The SQL Servers do not live in a vacuum and our HA and DR plans are part of a concerted whole that includes app servers, BI and other resources. Add in a healthy mix of geographic dispersal and synchronization across dispersed regions isn't feasible since we don't want temporary lags in the connection to cause lag for the users connected to the primary site.

Given all of that, our business has long decided that any failover will have to be manually executed so that we can make the entire environment move as a whole. We do have synchronous partners for our SQL Servers but we still elected to use manual failover only.


Because in a DR scenario you need to check what really happened. E.g. your DR site loses contact with the primary. Should it activate?

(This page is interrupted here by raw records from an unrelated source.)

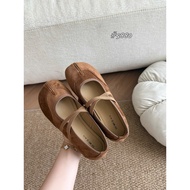 QC women's suede shoes with elastic straps fullbox
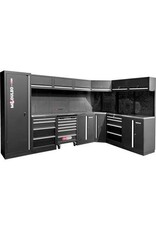 KS TOOLS Werkplaatskastsysteem, L-vorm, 3400 x 2120 mm, variant 1 - 866.6210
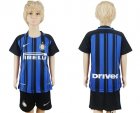 2017-18 Inter Milan Home Youth Soccer Jersey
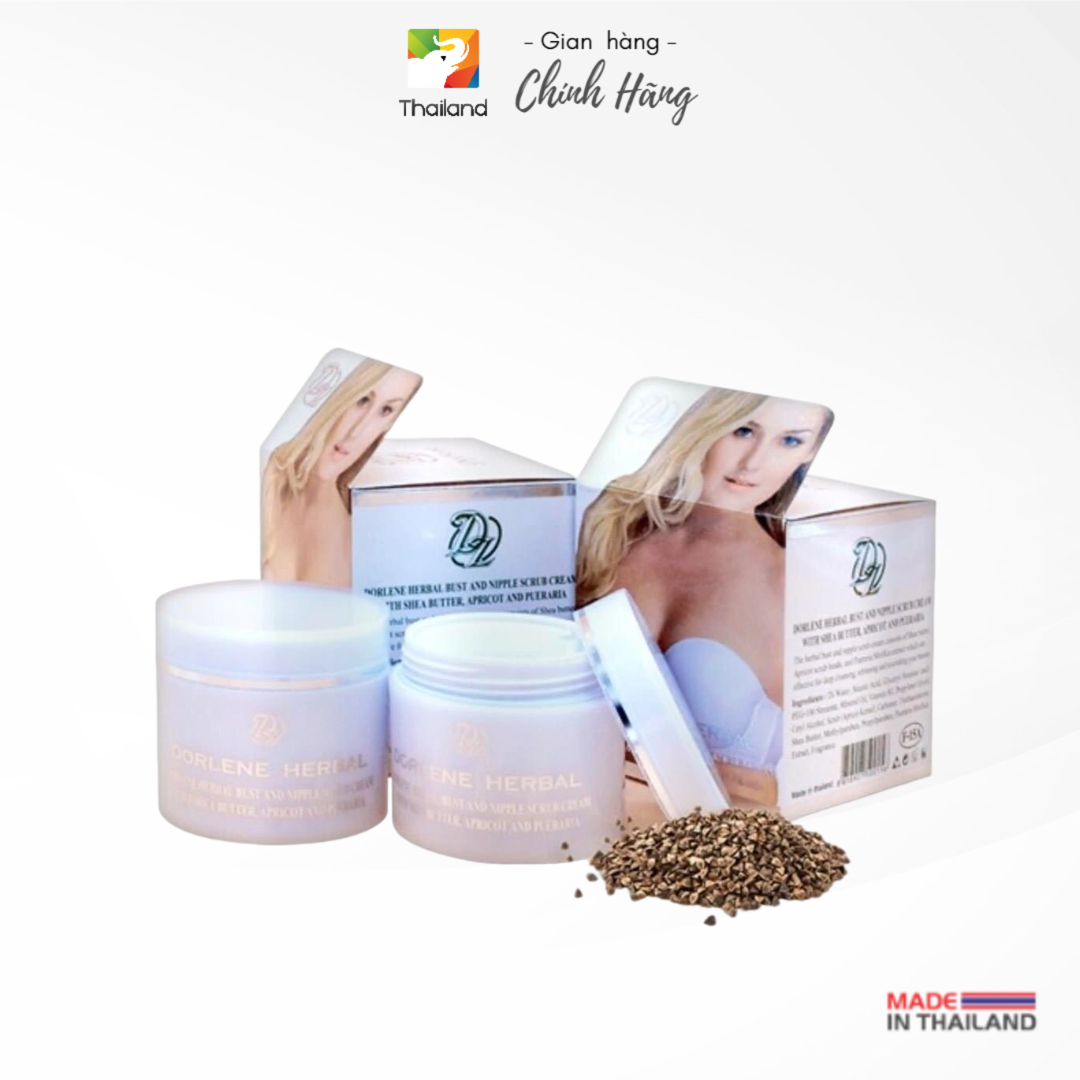 Kem massage nở vòng 𝟙 Dorlene Herbal Thái Lan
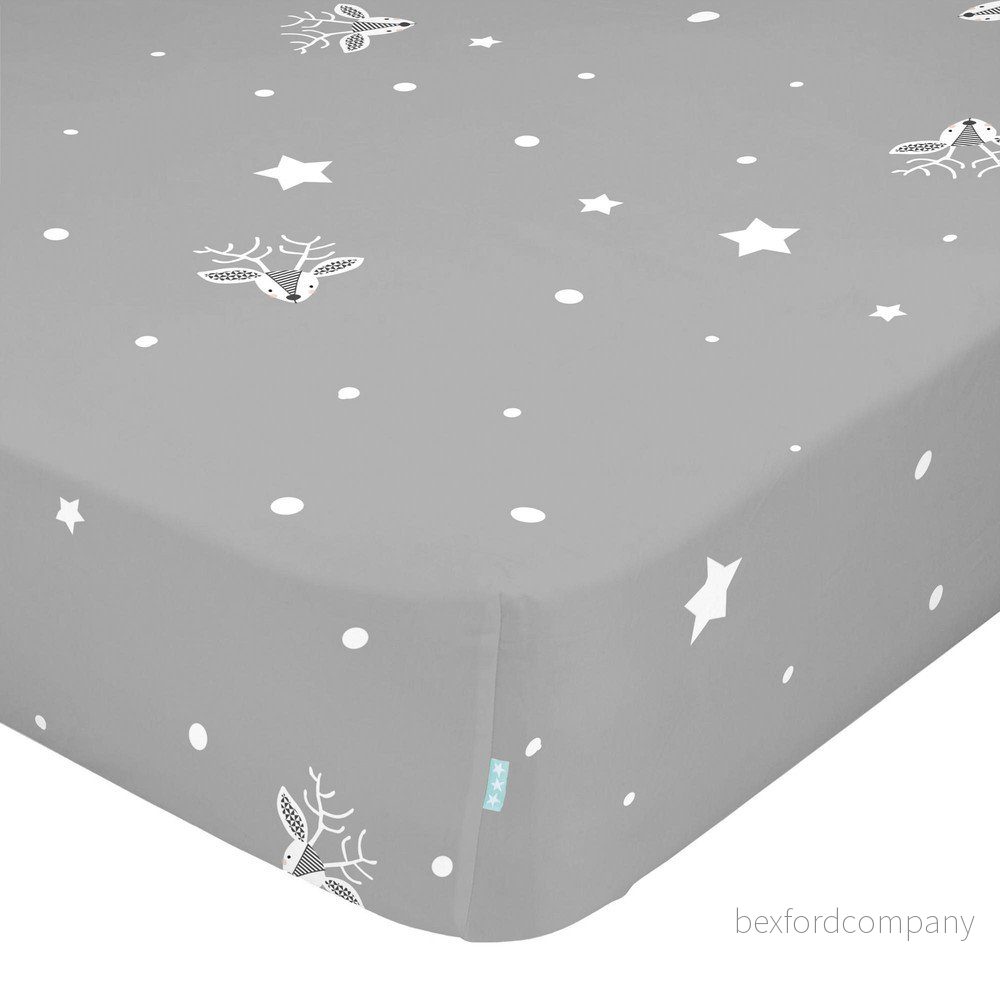 Dětské bavlněné prostěradlo Moshi Moshi Winter, 90 x 200 cm v:1370609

Well the primary might actually be fine and someone’s just put a backhoe through the fibre, this happens all the time. Or the primary might have been totally destroyed by a natural disaster or a terrorist atrocity. There is no way for SQL Server to figure this out for itself.

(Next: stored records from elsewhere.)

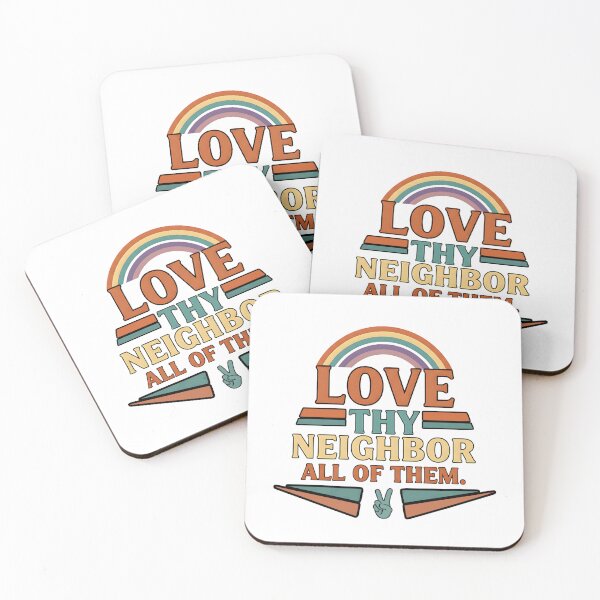 Item preview, vintage rainbow love thy neighbor all of them designed and sold by ArtDesignTp.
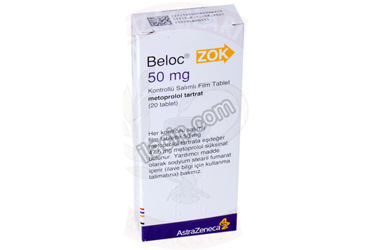 BELOC ZOK 50 MG 20 TABLET görseli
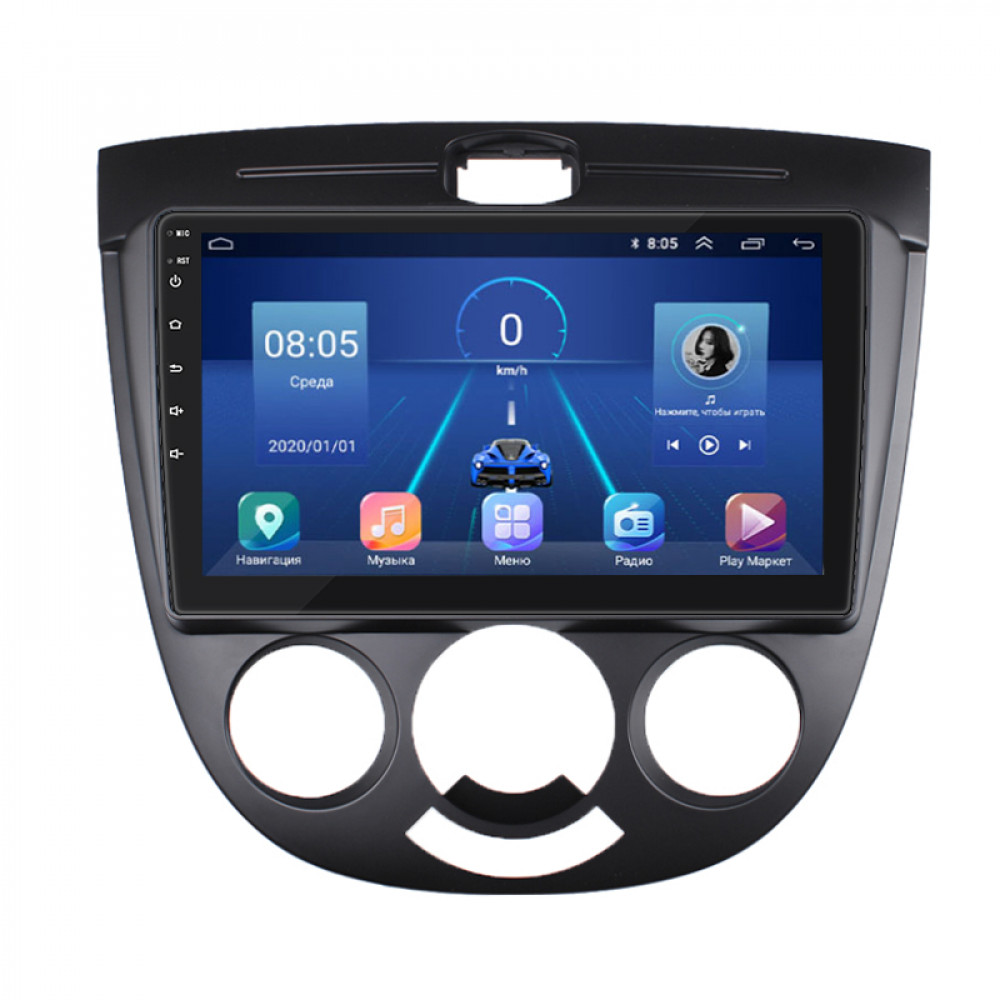 Штатная магнитола Lesko для Chevrolet Nubira  2003-2010 экран 9" 6/128Gb 4G Wi-Fi GPS Top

HA is easy, it’s typically within the same DC so the range of failure modes is much more tractable for automated decisions.


Since 'high availability' is usually planned and 'disaster recovery' is not ...

Not all High Availability "events" are planned.

If the primary database server crashes at 2am, why not leave the databases down until you get in at 9am and start them up on the other node? Your business would lose money.

So you have an H.A. solution to automatically move the databases to the other node, keeping the business running, until you come in to figure out what went wrong, which is secondary.

If your entire data centre goes up in a puff of smoke, that's a Disaster.

You don't really know what's what and you don't really know what's likely to work when you turn it on. That's why D.R. tends to be more hand-cranked.


From my perspective; High Availability relates to the ability to access the resource in the event of network outage, power failure, DNS outages/attacks, etc. Non-volatile events, in other words. These types of events can usually be managed by preparing hot stand-by systems, setting up alternative configurations, and through monitoring and automation.

Disaster Recovery is getting a system that has been taken offline or corrupted through something out of the ordinary occurring, back online. Something like a malware attack, natural disaster, etc. These types of events generally require human triage and higher level resolutions.


One problem with automatic disaster recovery that’s not yet been mentioned is that your disaster may have been replicated to your failover sites. If the disaster is a DBA thinking he’s on a test database and typing “DELETE * FROM CUSTOMERS;” on the live database, then your DR has to include a manual rollback on replicated database copies. If the DR site automatically goes live, then you’ll have new database transactions before the rollback happens, and so you’ll have a big mess.